Political commitment to health: This transcends party politics, so major reforms continue during government change, resulting in ongoing development – for example, the country is on track to achieve the MDG on child mortality, fertility has declined from 6.2 to 2.7 children per woman, there is a policy of developing indigenous pharmaceuticals, and a sector-wide approaches are encouraged rather than vertically funded programmes.

Community health workers: They are the backbone of the public and non-state sectors, providing low-tech, low-cost solutions.

Role of the non-state sector: 2,000 NGOs extend government capacity, and 400,000 people have been partially trained as informal care providers.

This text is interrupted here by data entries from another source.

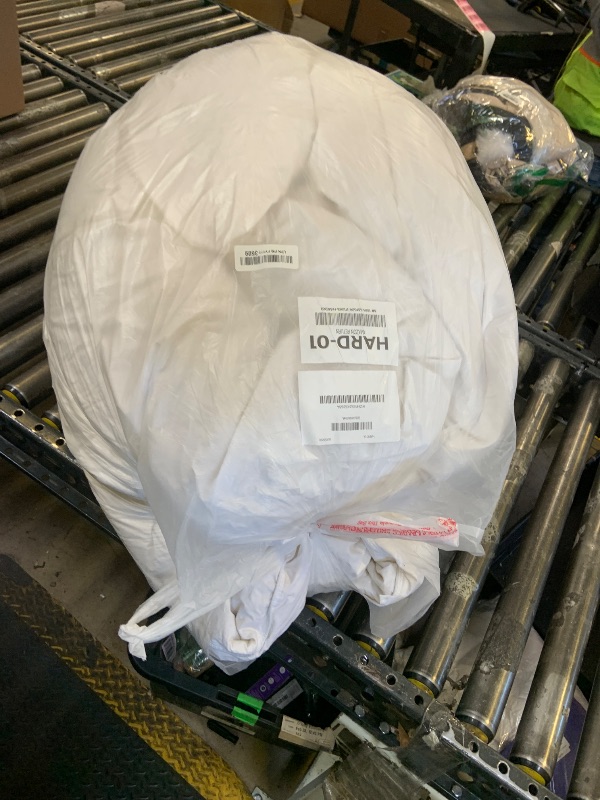 Photo 1 of APSMILE Oversized King Size Down Feather Fibers Comforter, All Seasons Duvet Insert with 100% Organic Cotton, Fluffy Fill-Power Medium Warm Hotel Comforter Insert, (120x98 inches, Ivory White)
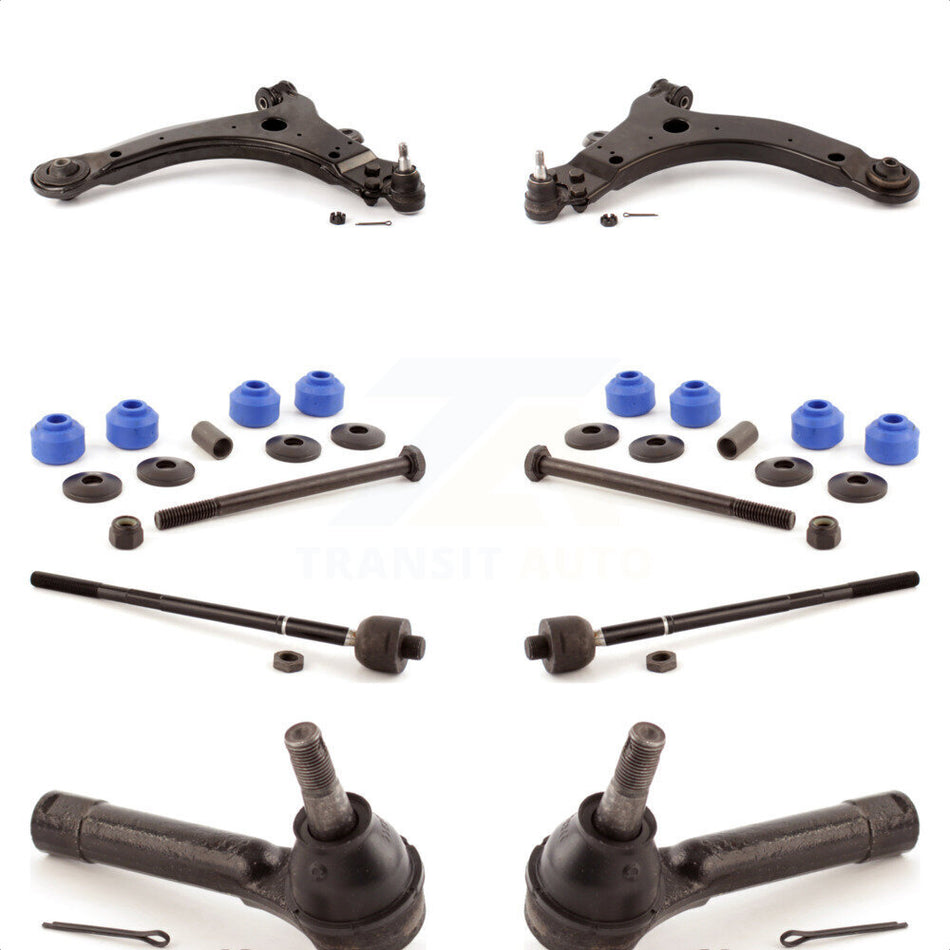 Front Suspension Control Arm And Ball Joint Assembly Steering Tie Rod End Stabilizer Bar Link Kit (8Pc) For Chevrolet Venture Pontiac Montana Oldsmobile Silhouette Trans Sport KTR-100446 by TOR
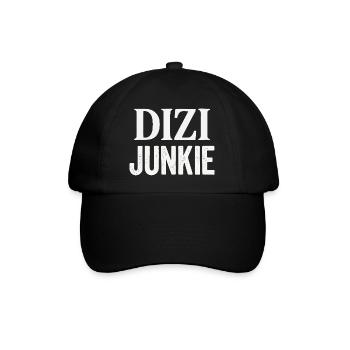 DIZI Junkie Türkisch Türke Türkei Sprüche - Baseballkappe - Schwarz/Schwarz - Vorne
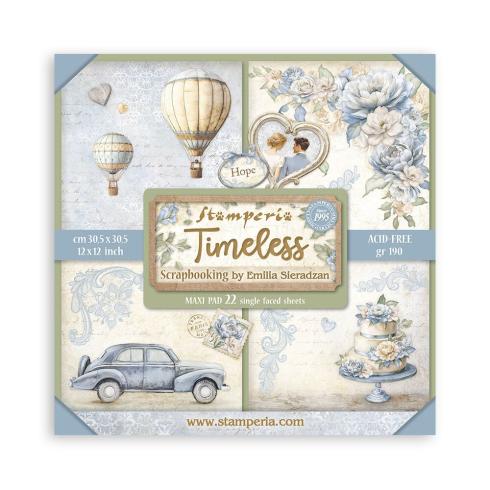 Stamperia - Designpapier "Timeless" Maxi Paper Pack 12x12 Inch - 22 Bogen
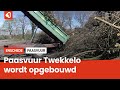 Bouw van Paasvuur Twekkelo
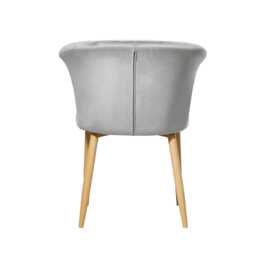 Set Of 2 Elsa Velvet Dining Chairs - thumbnail 4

The country is facing a serious NCD challenge, as 26 per cent of the population is already over 60 – and the number will increase 10-fold by the end of the century. Tobacco use is increasing (especially among women), cardiovascular events are happening at younger ages, and women have more diabetes complications than men. NCDs account for 54 per cent of deaths – an apparently dramatic increase, although this may also partially be explained by better data collection. There is also a lack of good evidence of effectiveness of interventions.

The discussion that followed covered topics including:

  • using lay workers to promote health, both in the United Kingdom (pharmacy workers) and Bangladesh. It is challenging to encourage professionals to relinquish control. In Bangladesh, physicians are orientated towards particular projects, but the lay workers are trained to implement them;
  • how to achieve continuity and coherence of development of the health system over time and between governments;
  • using social media; and
  • the role of the pharmaceutical companies.